# Attribution Graph for Dallas Capital Query

This notebook creates an attribution graph for the sentence:
**"Fact: The capital of the state containing Dallas is"**

We'll use the Gemma-2 (2B) model with GemmaScope transcoders to analyze the circuit.

In [1]:
from pathlib import Path
import torch

from circuit_tracer import ReplacementModel, attribute
from circuit_tracer.utils import create_graph_files

In [2]:
from huggingface_hub import login
from dotenv import load_dotenv
import os

load_dotenv()
login(os.environ['HF_TOKEN'])

Note: Environment variable`HF_TOKEN` is set and is the current active token independently from the token you've just configured.

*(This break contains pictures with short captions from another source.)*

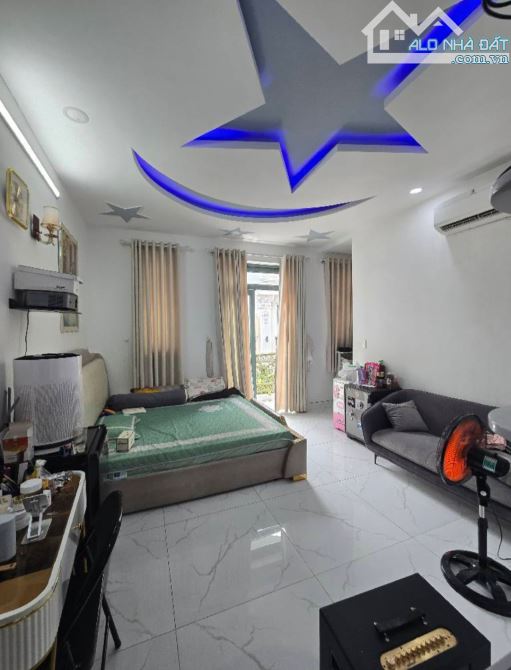Chỉ hơn:5 tỷ. Nhà 5 tầng mới keng, Hương Lộ 2, Bình Tân. 5PN. Dt:5,5 x 10m. Xem là mê - 1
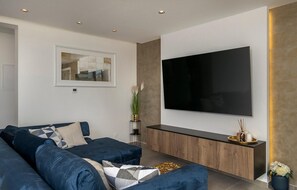 TV, stereo - Awesome home in Vrsi Mulo (Vrsi Mulo)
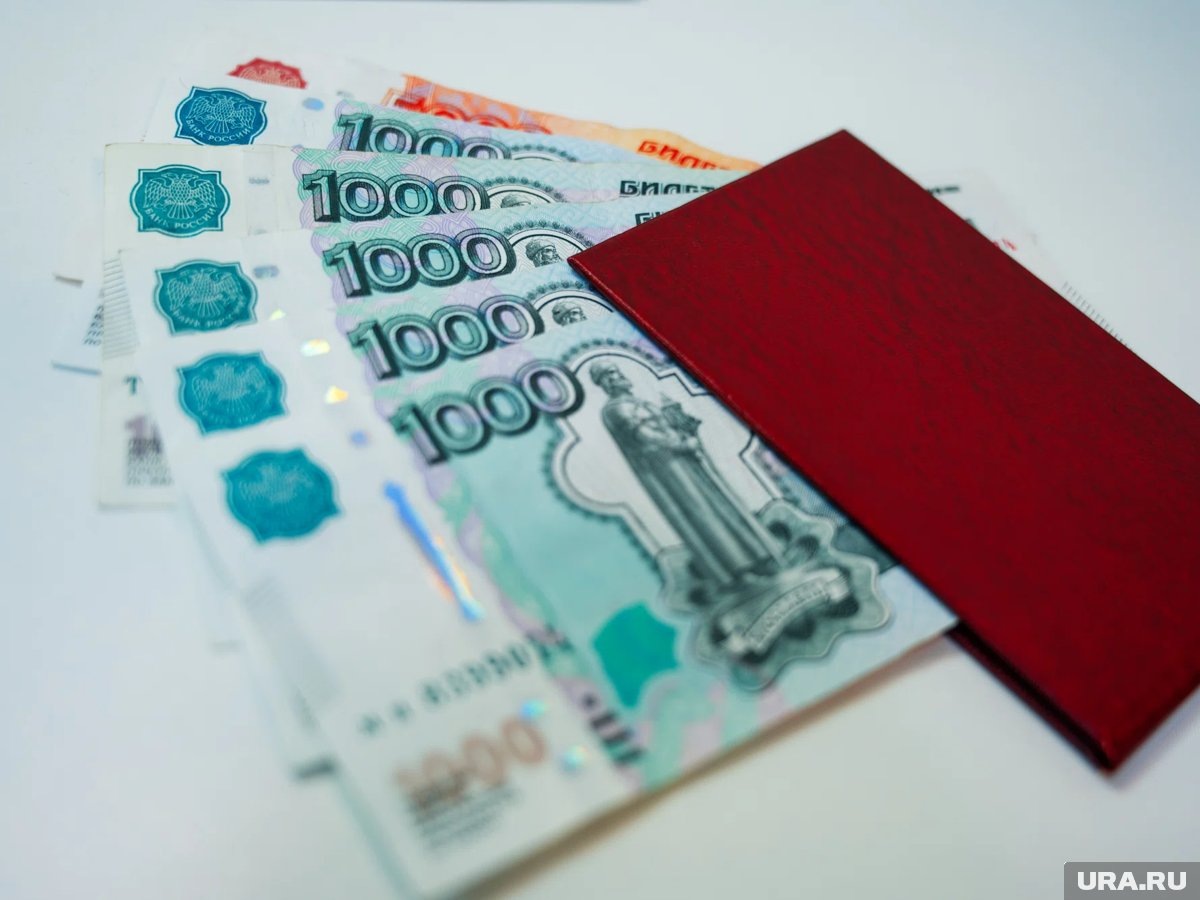     Пенсии и пособия перечислят заранее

## 1. Load Model and Transcoders

We'll load the Gemma-2-2B model with GemmaScope transcoders.

In [3]:
model_name = 'google/gemma-2-2b'
transcoder_name = "gemma"  # GemmaScope transcoders

print(f"Loading {model_name} with {transcoder_name} transcoders...")
model = ReplacementModel.from_pretrained(model_name, transcoder_name, dtype=torch.bfloat16)
print("Model loaded successfully!")

Loading google/gemma-2-2b with gemma transcoders...


Fetching 26 files:   0%|          | 0/26 [00:00<?, ?it/s]

`torch_dtype` is deprecated! Use `dtype` instead!


Loading checkpoint shards:   0%|          | 0/3 [00:00<?, ?it/s]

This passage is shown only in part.